KSA executives allocate themselves $10,000 each to ease ‘burden of tuition’
The tuition benefit for executive members was unanimously passed at a special meeting of council on Aug. 26
On Aug. 26, the Kwantlen Student Association held a special meeting of council to amend the benefits in their Regulations to include up to $10,000 tuition coverage for each executive member per year, which went into effect the same day.
President, VP University Affairs, and International Student Representative Armaan Dhillon, VP External Affairs and Langley Campus Rep Karan Singh, VP Finance and Operations and Students with Disabilities Rep Lesli Sangha, and former VP Student Life and Women’s Rep Manmeet Brar were present and unanimously approved the amendment. Policy Coordinator Diamond Obera was the speaker of council for the meeting and former Executive Director Ben Newsom was unable to attend.
The KSA is required to give two business days notice of every council meeting, according to their Regulations. Council passed a motion to suspend this requirement on the “basis that all Councillors have received notice and all are present at the meeting,” according to the meeting minutes. The Runner received less than a 24-hour notice of the meeting.
The Runner previously reported that the tuition reimbursement amount is limited to $10,000 per year for each executive member, excluding the first semester of the calendar year that an executive’s term on council starts.
“Service fees and penalty charges, including tuition adjustment penalties, not incurred as a direct result of enrolment in classes shall not be eligible for reimbursement,” reads the benefit in the updated Regulations.
Under the Regulations, changes to the honoraria or pay structure do not come into effect until April 1. In accordance with their bylaws, council approved a notwithstanding motion for the tuition benefit amendment to come into effect the same day it was approved.
This means council can “create, alter, or otherwise amend Regulations without notice and without a recommendation from the Governance Committee” if the motion receives unanimous consent of council members, according to KSA bylaws. At the time the motion was passed, Dhillon, Singh, Sangha, and Brar were the only council members of the KSA.
“This motion took four months of research, our legal counsel, our whole team of [the] executive secretary and executive director worked really hard to make this happen,” Dhillon said at the special meeting of council.
The Runner requested copies of the research on Dec. 13. The KSA declined to provide the research in an email on Jan. 9.

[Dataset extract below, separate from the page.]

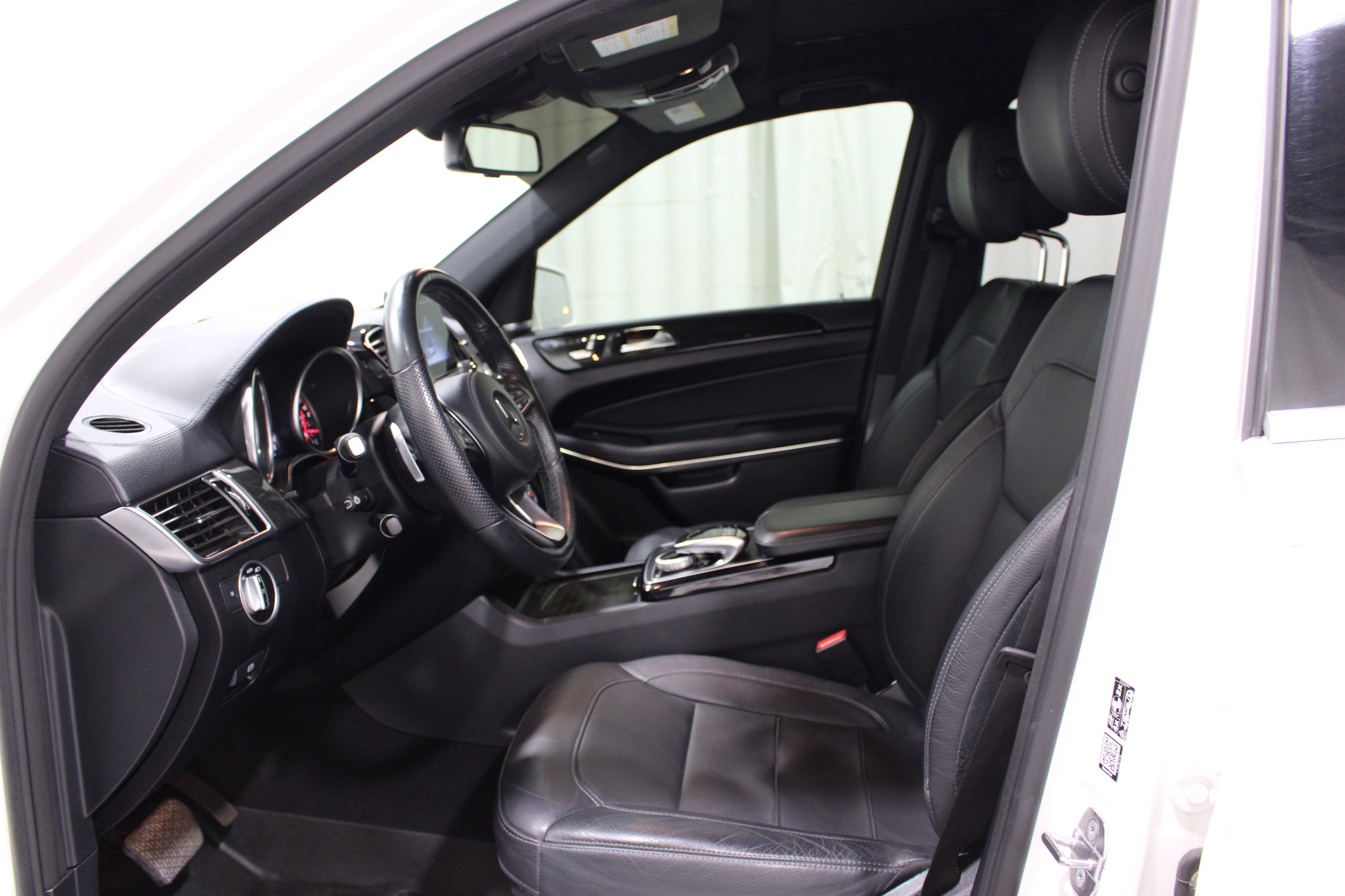 Used 2019 Mercedes-Benz GLS 550 GLS 550 image 3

Executives’ email responses
“I have served as a KSA Executive since April 2021. For me, as a student with a disability, it has been both physically and mentally challenging. The Tuition Benefit policy reflects and appreciates the hard work that equity seeking groups, including students with disabilities, put into this job. Students with disabilities have been discriminated against in the past and, unfortunately, this continues. There is a stigma. We need to get past discrimination and defeat the stigma. Ensuring that students with disabilities can serve as executives at the KSA ensures a more diverse perspective, attracts talented student leaders from a diverse range of backgrounds, and will help overcome discrimination related issues,” Sangha said in an email statement. Sangha did not respond to interview requests.
“I started studying at Kwantlen in May of 2021. I learned about the KSA’s by-elections late in the year and became interested in serving on KSA Council. The first opportunity I had to run was in the Spring of 2022 and I was happy to be elected as the International Student Representative, but I did not fully understand the extent of work required as a KSA Executive. As we all know, International Student tuition fees are very high exceeding $33,000 per year. To pay my tuition, I have worked part-time at [a] number [of] jobs including, working at Amazon, working as a security guard, as a janitor, and as a parking enforcement officer, at times holding several part-jobs. The extent of responsibility at [the] KSA, unfortunately, resulted in me failing a number of courses in the summer semester. Between my work at KSA, and part-time work, I just did not have enough time for my studies. For international students to have an equal opportunity to serve on the KSA Executive, there has to be a reasonable level of compensation, otherwise international students will be unable to participate,” Dhillon said in an email response. Dhillon declined an interview.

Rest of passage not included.